# [Your assignment]
Repeat the listing verbatim. Drop any pictures.

# [Raw data]
___

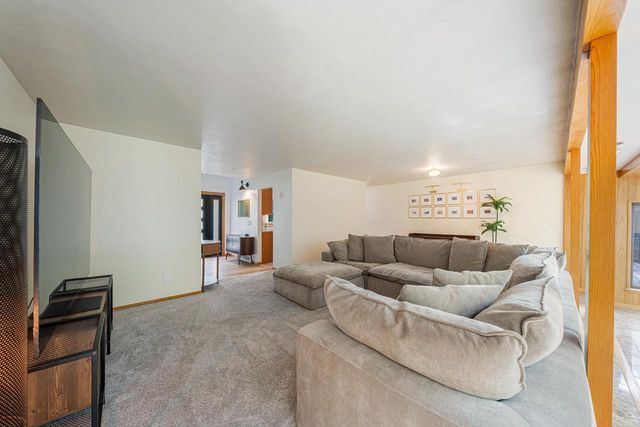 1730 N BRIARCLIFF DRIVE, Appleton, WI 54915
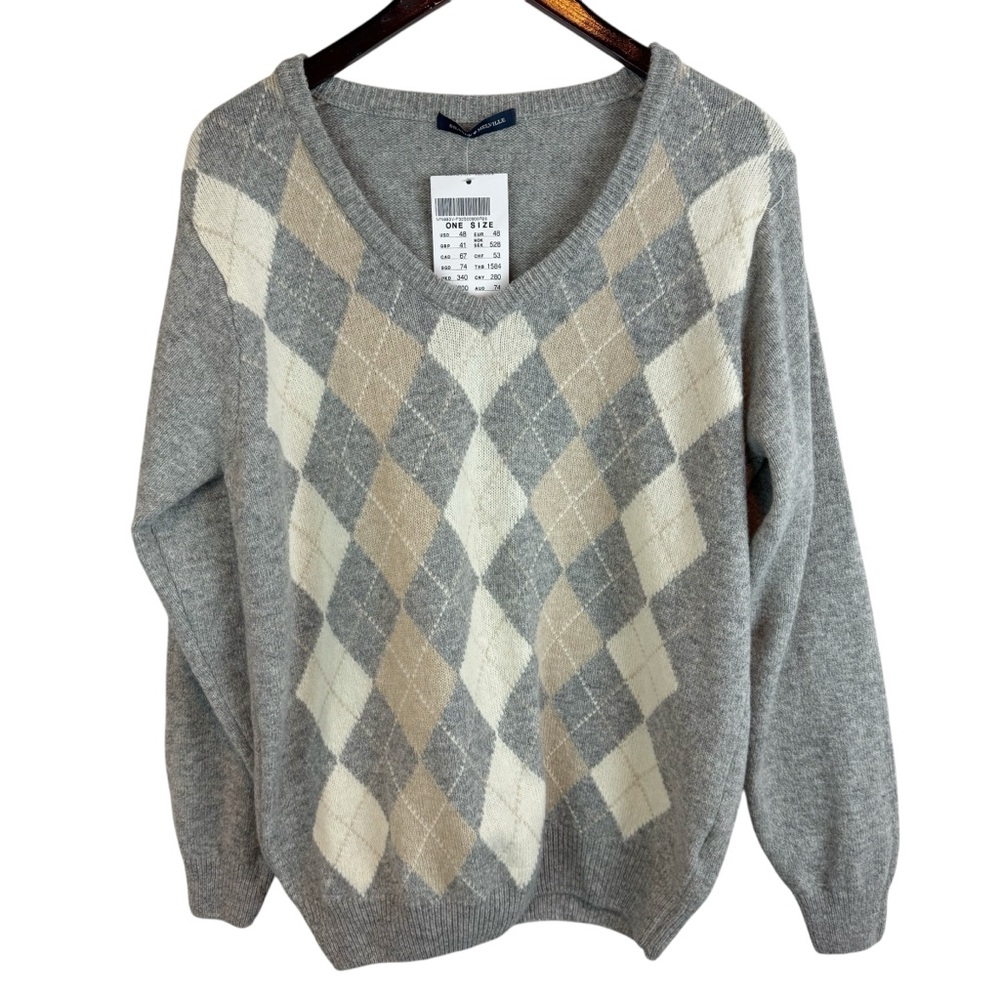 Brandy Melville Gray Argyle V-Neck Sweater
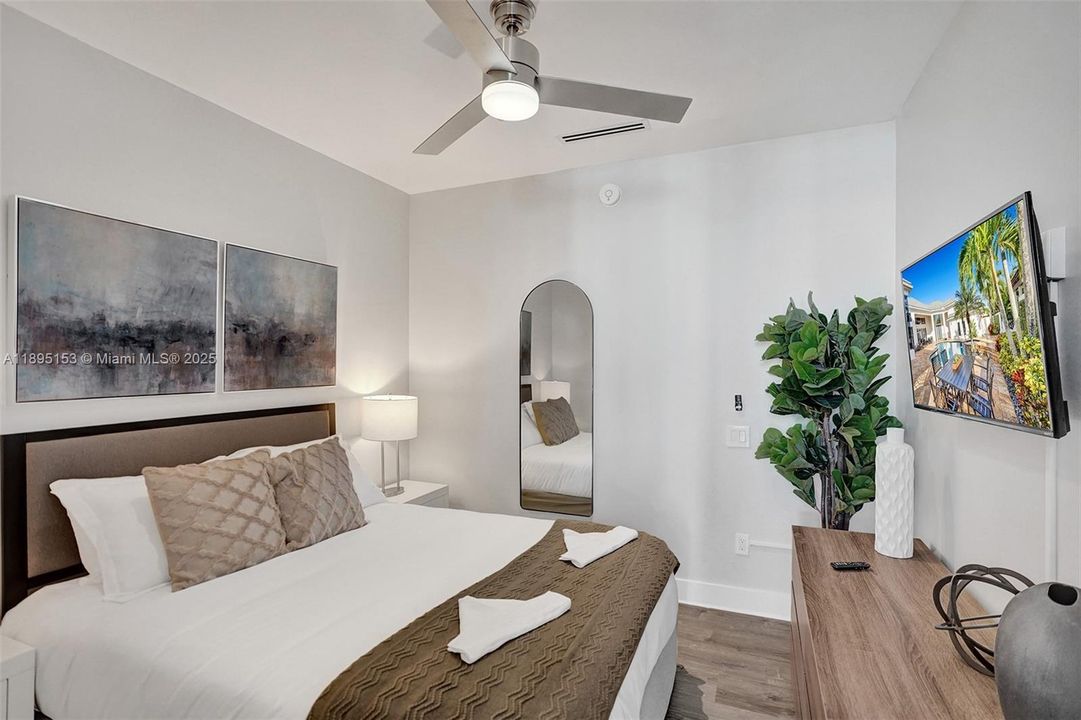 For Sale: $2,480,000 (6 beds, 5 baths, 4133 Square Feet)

___

# [Exercise answer]
 1730 N BRIARCLIFF DRIVE, Appleton, WI 54915
 Brandy Melville Gray Argyle V-Neck Sweater
 For Sale: $2,480,000 (6 beds, 5 baths, 4133 Square Feet)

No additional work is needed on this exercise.